The Coach House also incorporates two studies, a large library / board room, a beautiful double-height reception space, a kitchen, a small flat for visiting artists and a large games room. The masterly touch of the award-winning architect Steve Marshall, who was at the time a director at Munkenbeck & Marshall, is apparent in many of the details throughout the Coach House. It was Marshall that oversaw the restoration of St. Ann’s Court and his scheme is a triumph of sensitive, yet progressive, conservation architecture. Marshall also designed, and got approval for, a pool house that (subject to the relevant permissions) could be built by any new owners. The Marshall pool house design can be viewed here.
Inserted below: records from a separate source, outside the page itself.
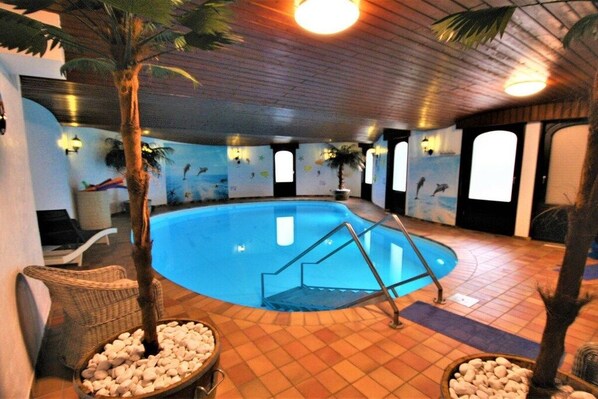 An indoor swimming pool with a wooden floor, surrounded by walls with murals, and a staircase leading into the pool.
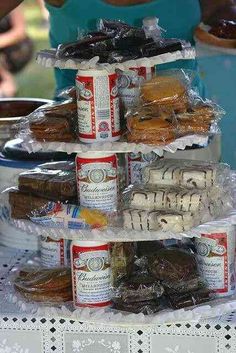 three tiered trays filled with donuts and pastries on top of a table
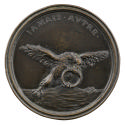 Bronze medal of an eagle holding a disproportionately large ring in its beak and talons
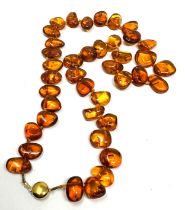 Vintage 9ct gold clasp amber necklace measures approx 52cm long weight 41g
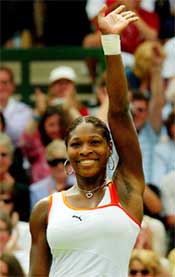 Serena Williams of the US waves to the crowd after defeating Belgium�s Justine Henin-Hardenne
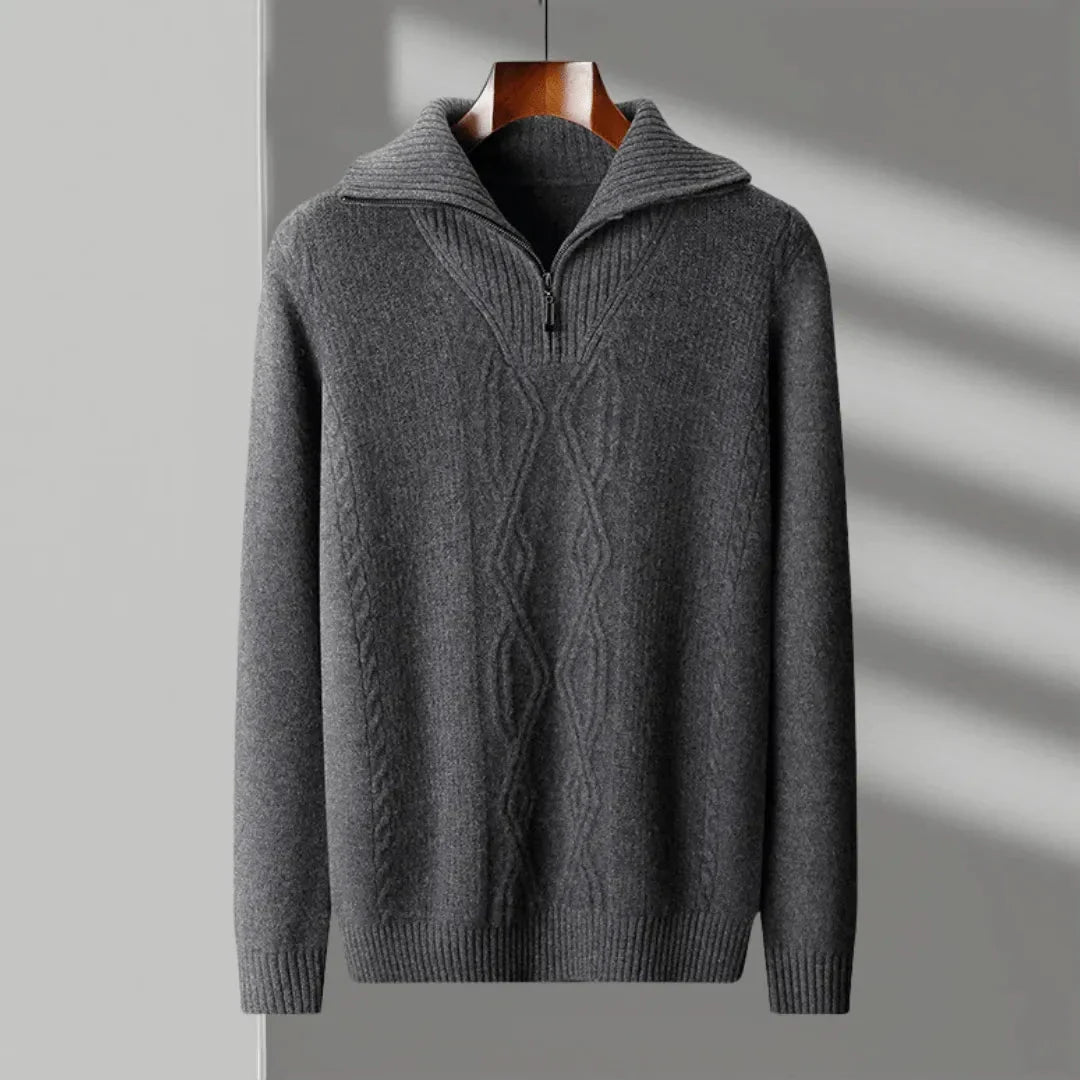 Ivory merino wool half-zip sweater with cable-knit pattern and ribbed collar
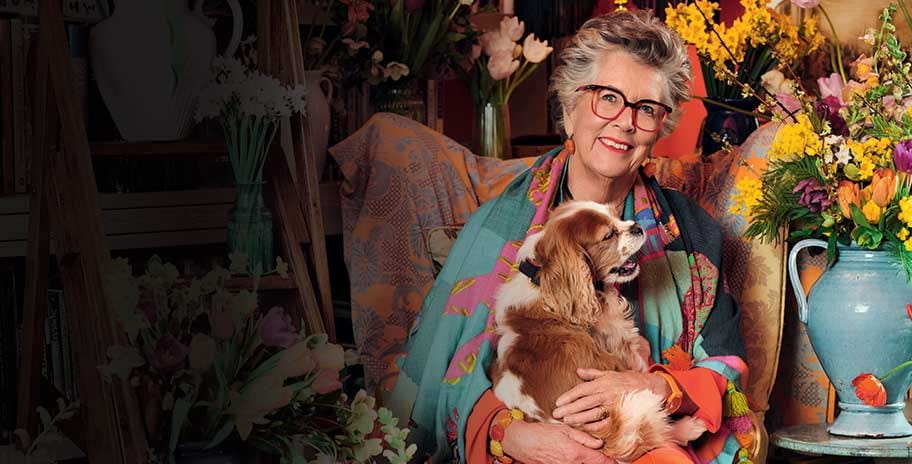 Prue Leith sitting in an armchair while holding a dog and smiling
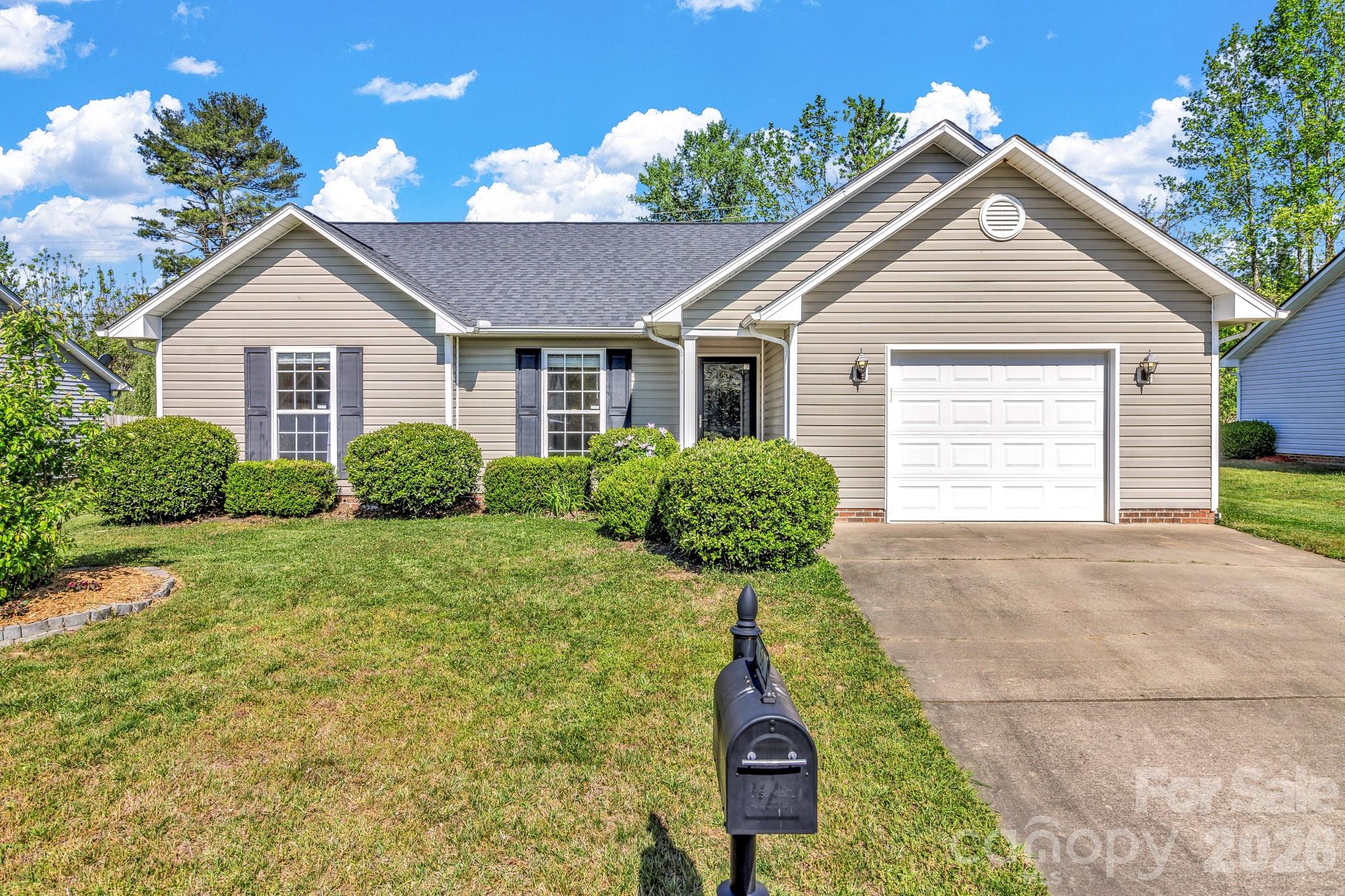 58 South Sunberry Trail Fletcher, NC 28732 - Photo 1 of 41 a house view with a garden space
During the refurbishment by the current owners, both houses were fitted with structured wiring and have around 100 CAT5e sockets in total, providing Ethernet speeds of up to 1Gbit/sec throughout both buildings. These connections are also used to distribute Sky HD services. The houses are served by a 50Mbit/sec Internet connection.
Further information on the history and construction of St. Ann’s Court, and its architect Raymond McGrath, can be found in the History section.
The grounds of St Anns Court (extending to over eight acres), are a true delight and were the subject of a vignette watercolour by jmw Turner dating from c. 1827. The landscape is wonderful combination of Tunnard’s more rational Modernist outlook and Hamilton’s Picturesque approach, intertwined with woodlands. The Round House itself was designed to reflect and enhance the landscape under Tunnard’s influence: From the terrace the garden is framed by white concrete buttresses. A number of the original 18th century features remain alongside the 1930s structures. Extensive lawns, significant trees such as the only surviving cedar, an orchard, a small lake, kitchen gardens, a rose garden, courtyards and even a Tunnard-designed semi-circular swimming pool which has been converted into a water lily pool, all can be found in these beautiful grounds.
The current owners commissioned a Japanese-inspired wooden walkway through prairie beds and wildflower meadows in an area of the garden called the ‘Wanderling’, co-designed by Chelsea award winning garden designer, Juliet Sargeant and the current owner. The grounds themselves are Grade-ii* designated by Historic England and were featured in the bbc series ‘Gardens Through Time’ and in several magazines. The grounds have been designed and sympathetically maintained to encourage wildlife and the garden is full of bees, butterflies, birds and small mammals.
St Ann’s Hill Road is a desirable and secluded road on top of St Anns Hill which itself is largely a nature reserve. It is located near Chertsey, a picturesque town in the Runnymede borough of Surrey on the River Thames and the River Bourne just, 12 miles south west of central London. Transport links are excellent with the M25 easily accessible, leading easily to the M3 and M4.
Heathrow airport Terminal 5 can be reached in just ten minutes with access to Heathrow Express which takes a mere 20 minutes to Central London, (or Piccadilly Tube line which takes longer). There is also the smaller Fairoaks airport even closer for private planes. Nearby train stations are Virginia Water, Chertsey and Staines with direct services to London Waterloo.
The nearby towns of Chertsey, Virginia Water, Ascot and Windsor offer a broad range of shopping and dining opportunities and the area is particularly renowned for its private schools (Eton College, Salesian, Sir William Perkins, Papplewick, Sunningdale and St John’s Beaumont) and sporting opportunities (horse racing at Ascot, boating on the Thames and golf at Wentworth).